Das grafische Partitionierungsmodul bietet zwei Punkte zur Auswahl: Die Installation auf einer ganzen Festplatte oder auf bestehenden Partitionen. Wählen Sie letztere Möglichkeit, ordnen Sie im nächsten Dialog den Partitionen Einhängepunkte zu und legen fest, welche Festplattenabschnitte der Installer formatieren soll (Abbildung 2). Eine Swap-Partition benötigt UHU zur Installation nicht zwingend, Sie sollten aber trotzdem eine einrichten. In unseren Tests hatte die Distribution in der Version 2.1 Probleme mit bestehenden Swap-Partitionen. Sie müssen deshalb nach der Installation die Swap-Partition mit mkswap Gerätedatei
neu formatieren, bevor Sie sie mit swapon Gerätedatei
nutzen können.
Einen Resizer für Windows-Partitionen bringt UHU-Linux nicht mit, Sie müssen dazu fips auf der Kommandozeile benutzen. Unterstützung für LVM oder Software-RAID fehlt ebenfalls.
Für die manuelle Partitionierung wechselt UHU nach einem Klick auf Partition manipulator in den Textmodus und startet cfdisk. Hier können Sie Partitionen löschen und neue anlegen. Beenden Sie cfdisk, landen Sie automatisch wieder im grafischen Installer.
Im dritten Schritt (Abbildung 3) wählen Sie das zu installierende System aus. Hier bietet UHU-Linux neben dem typischen grafischen Desktopsystem auch eine textbasierte Variante an.

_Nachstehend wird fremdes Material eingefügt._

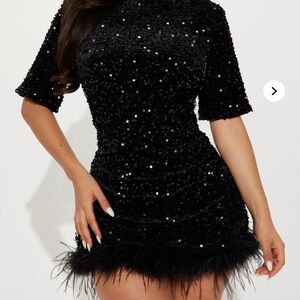 Fashion Nova Black Sequin Mini Dress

Die Unterschiede zwischen Full Installation und Recommended packages machen sich nur bei der DVD-Version bemerkbar, auf der CD erzeugen die beiden Einträge das selbe Resultat. Über die Suchfunktion oder per Liste können Sie die Paketauswahl bearbeiten. Erfahrene Nutzer genießen hier einen Vorteil, da die Paketbeschreibungen vollständig in Ungarisch vorliegen – Nicht-Magyaren müssen also am Paketnamen erkennen, was sie installieren oder abwählen.
Nach diesen drei Schritten startet UHU-Linux das Einspielen der Pakete (Abbildung 4). Keine zehn Minuten später können Sie die Installation mit der Konfiguration des Bootloaders fortsetzen, danach richten Sie den Root- und einen Benutzeraccount ein. Mit dem Setup der grafischen Oberfläche schließen Sie die Installation ab.
Zum Test versuchten wir auch ein Update von UHU-Linux 2.0 auf Version 2.1. Der Weg über apt-cdrom add und apt-get dist-upgrade scheiterte jedoch an unlösbaren Abhängigkeitskonflikten und endete mit einer Kernel-Panik nach dem Reboot. Auch die Upgrade-Funktion aus dem Bootmenü brachte keinen Erfolg. Haben Sie die Version 2.0 installiert und möchten auf 2.1 aktualisieren, sollten Sie deshalb die Neuinstallation wählen.